Order matters

Well, we've decided to be pragmatic. So let's take the bull by the horns. What to begin optimization with? I know, all of us like to dive into assembly and do all these geeky things. Nevertheless, for sure there are so many things to do before it.

I want to share the steps I walk through while doing optimization, regardless a problem size. No matter if it is a full pipeline or just a concrete computational kernel, you can use proposed approach. These steps are quite scalable.

1. Understand the code

Before starting optimization you should understand the code. What is an input? What is an output? What operation/operations are performed? The most part of the "magic" in programming stars with the phrase: "Hm... This code works... somehow." Keep calm and understand it. Optimization of the code which is unknown is like walking through a minefield. What I mean is, changes in the code look very dangerous, while the results of optimizations seem unpredictable.

2. Use appropriate algorithm

After you get enough knowledge there is time to think about the algorithm itself. Is it an optimal solution for the problem that your code should solve? Check, whether there are more optimal algorithms with lower computational complexity.

The classical example here is sorting. There are so many ways to sort things like quick sort or histogram based approaches such as radix sort. All of them differ in number of operations per a data element. Depending on the nature of an algorithm and data as well as data distribution, your algorithmic choices will vary.

Choosing an algorithm you should consider many trade-offs. It is noteworthy, one of the most important factors to think of is optimization opportunities. In particular, if there is more than one core is available you should consider parallelization possibility. Furthermore, if SIMD optimization is planned, prefer to use algorithms whose critical loops can be explained in scalarizable code.
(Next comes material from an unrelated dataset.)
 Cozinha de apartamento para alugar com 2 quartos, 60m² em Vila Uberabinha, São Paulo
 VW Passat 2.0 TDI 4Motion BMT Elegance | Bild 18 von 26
3. Optimize memory access patterns

It is everything about memory! Interesting enough, almost all algorithms are memory bound. If it comes to function which is more complicated than streaming kernel we may found that access pattern is not ideal. Whereas other algorithms just need a huge amount of data to process.

I practice multiple optimization technologies and one of them is CUDA (which is used to optimize general purpose codes with GPUs). GPUs have very interesting architecture. They are absolutely unbalanced in terms of memory latency relative to arithmetic latency. You know what, I cannot stand when people provide technical reports and papers which have phrases similar to this one "almost theoretical throughput is achieved" with no single world about how many bytes from this amount of data they really need. Such statement about throughput says to me only that an application consumes power on byte walking through the bus.
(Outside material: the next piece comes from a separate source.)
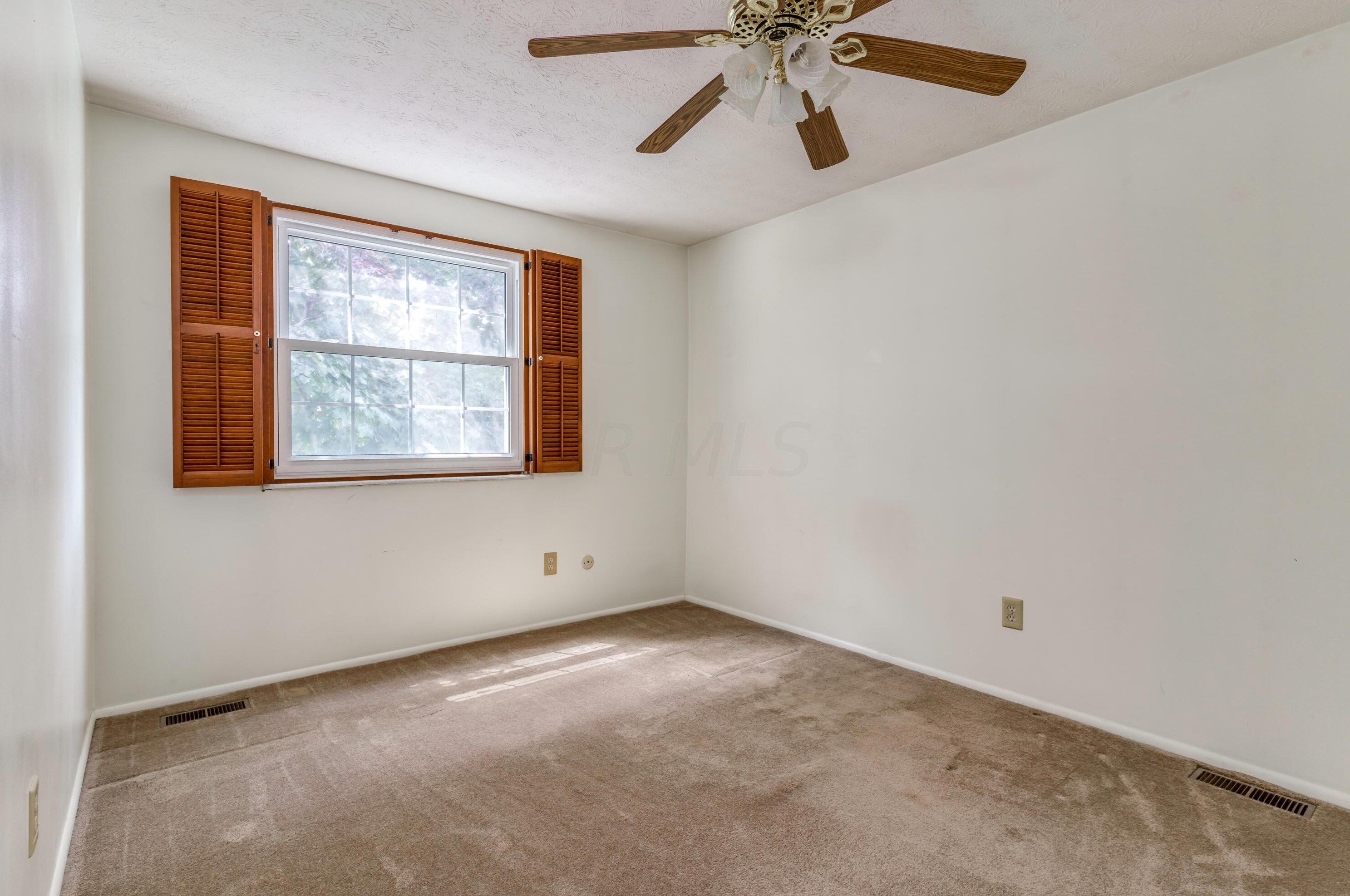 2076 Steffi Dr, Hilliard OH  43026-9432 exterior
You should beware your memory patterns. It is crucial to load only data that is really needed for computations. Usually it means some data restructuring, loop reorganization and so on.

4. Minimize the number of operations

It is quite frequent that on this step you need to figure out problems that comes from some compiler limitations first. For instance, if a compiler failed with register allocation you'll get extra operations with a stack or register movements. It is clear what these operations are the fist candidates for removal since they aren't required by the algorithm. It usually means that you need to "rephrase" the ideas explained in your code.

In particular, there are two types of vector registers in NEON (which SIMD extension to ARM processors): 64-bit D registers and 128-bit Q registers. Many, but not all, operations can be performed on both types of registers. For example, you can add two D registers with instruction vadd.u8 d0, d1, d2 as well as two Q registers vadd.u8 q0, q1, q2 with the same one. All the instructions are wrapped by c/c++ intrinsics so that operations on long and short vectors are distinguished by postfix q like add and addq. As for intrinsics, the set is complete. Thus there are intrinsics that don't correspond to single assembly instruction, such as vst3q for ARMv7 ISA. This instruction performs 3-way register interleaving before storing the result. This is extremely useful for decoding into RGB images. Recently I've done NEON optimization for color decoding from packaged Yuv to RGB color space with use of this intrinsic. Here is an assembly snippet generated with use of vst3q followed by a snippet generated with use of 2 vst3q intrinsics.


    vmov    d18, d4  @ v8qi
    vmov    d17, d30  @ v8qi
    vmov    d19, d2  @ v8qi
    vmov    d21, d22  @ v8qi
    vst3.8  {d16, d18, d20}, [r1]
    vst3.8  {d17, d19, d21}, [r0]

    vst3.8  {d16-d18}, [r1]
    vst3.8  {d10-d12}, [r0]

As you can see in both cases two D-variants of store instructions are generated, but in the first case compiler struggled with additional dependencies between registers because more strict data placement required for long instruction variant.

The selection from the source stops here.